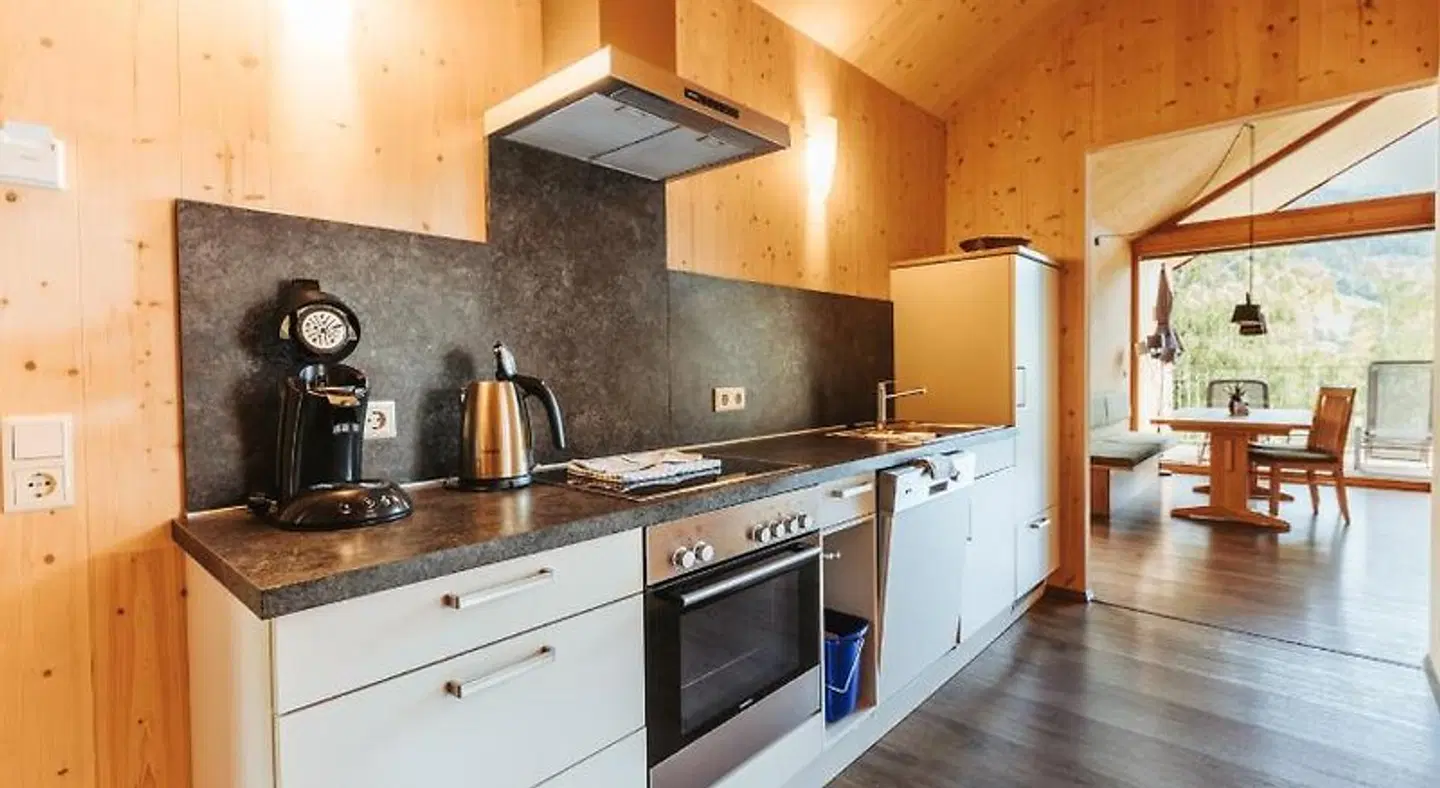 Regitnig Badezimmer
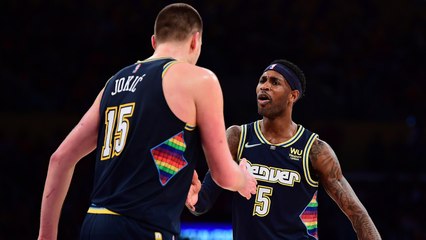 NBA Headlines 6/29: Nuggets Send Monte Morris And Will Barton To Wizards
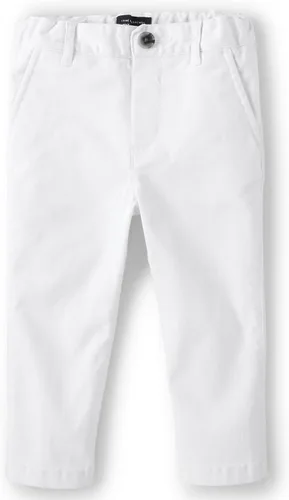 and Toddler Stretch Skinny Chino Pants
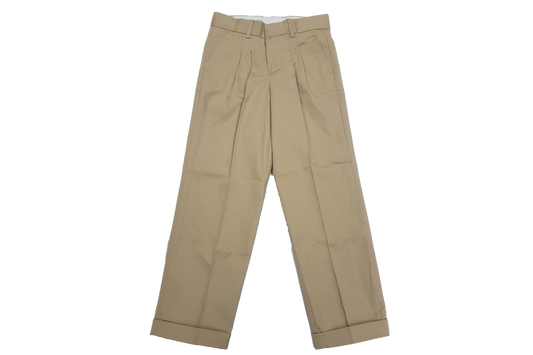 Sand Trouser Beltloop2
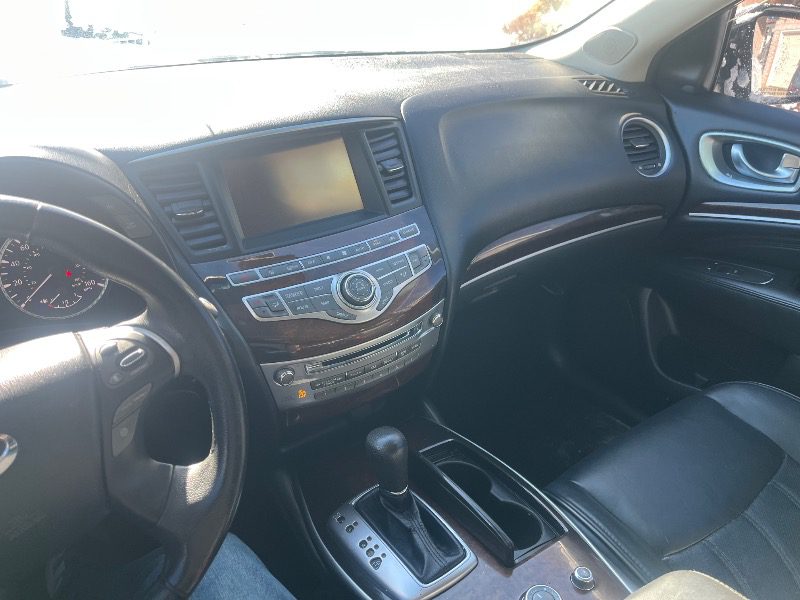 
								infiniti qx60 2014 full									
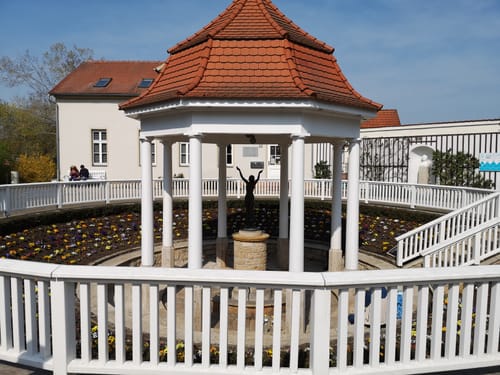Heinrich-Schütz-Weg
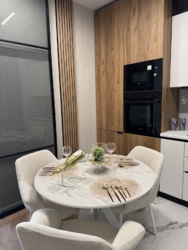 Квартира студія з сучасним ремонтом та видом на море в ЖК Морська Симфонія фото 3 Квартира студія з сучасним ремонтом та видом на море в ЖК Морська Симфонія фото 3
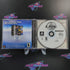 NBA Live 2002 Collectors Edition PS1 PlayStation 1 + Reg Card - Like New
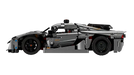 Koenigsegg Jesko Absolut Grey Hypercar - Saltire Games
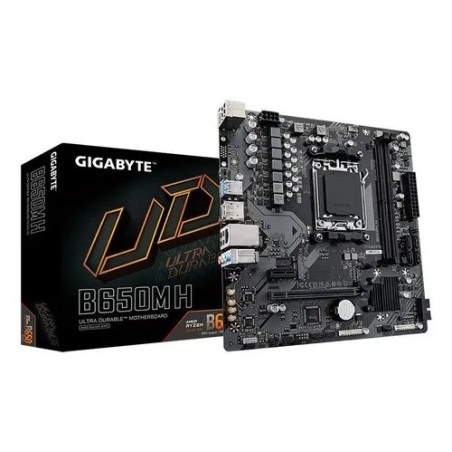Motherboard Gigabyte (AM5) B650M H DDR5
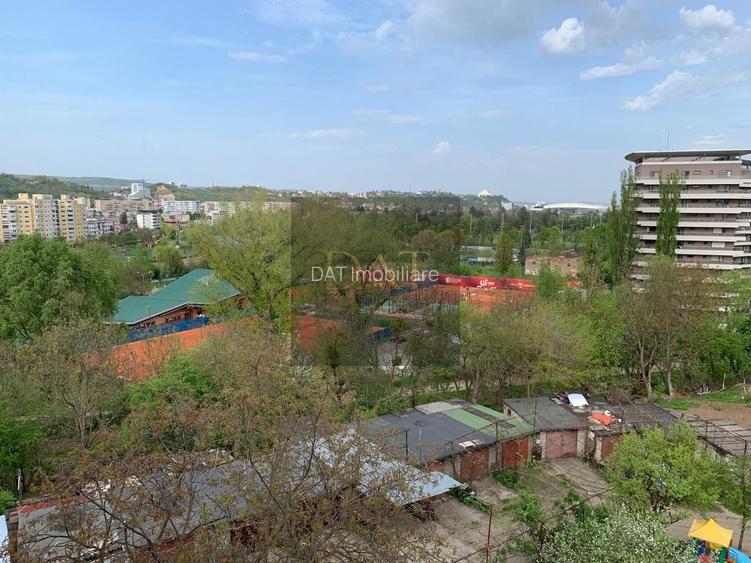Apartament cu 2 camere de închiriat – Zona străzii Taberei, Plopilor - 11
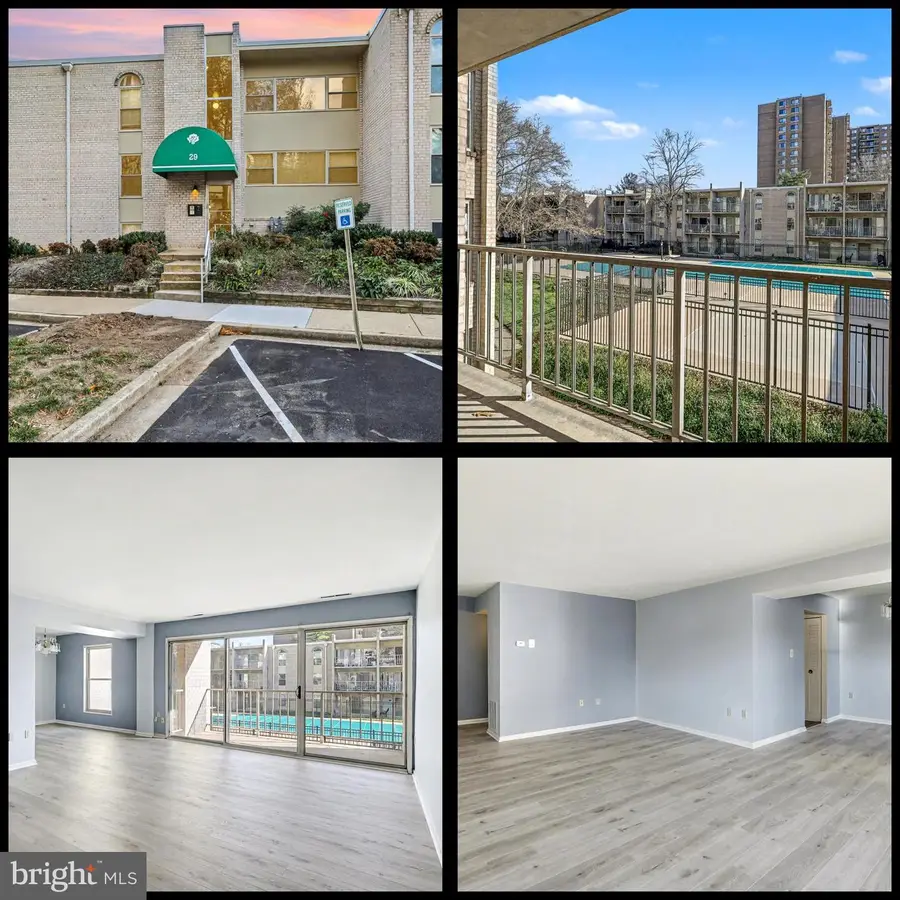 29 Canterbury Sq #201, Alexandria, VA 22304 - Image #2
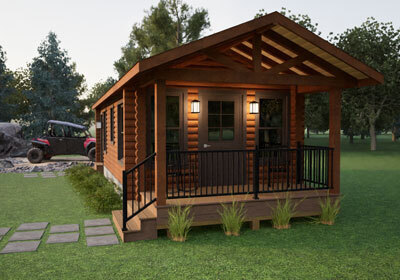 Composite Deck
○ ○ ○ ○
The response should hold only an exact retyping of the lines from the beginning of the data through the line containing "Apartament cu 2", both ends kept, pictures omitted.

### Output of the exercise
 Regitnig Badezimmer
 NBA Headlines 6/29: Nuggets Send Monte Morris And Will Barton To Wizards
 and Toddler Stretch Skinny Chino Pants
 Sand Trouser Beltloop2
								infiniti qx60 2014 full									
Heinrich-Schütz-Weg
 Квартира студія з сучасним ремонтом та видом на море в ЖК Морська Симфонія фото 3 Квартира студія з сучасним ремонтом та видом на море в ЖК Морська Симфонія фото 3
 NBA Live 2002 Collectors Edition PS1 PlayStation 1 + Reg Card - Like New
 Koenigsegg Jesko Absolut Grey Hypercar - Saltire Games
Motherboard Gigabyte (AM5) B650M H DDR5
Apartament cu 2 camere de închiriat – Zona străzii Taberei, Plopilor - 11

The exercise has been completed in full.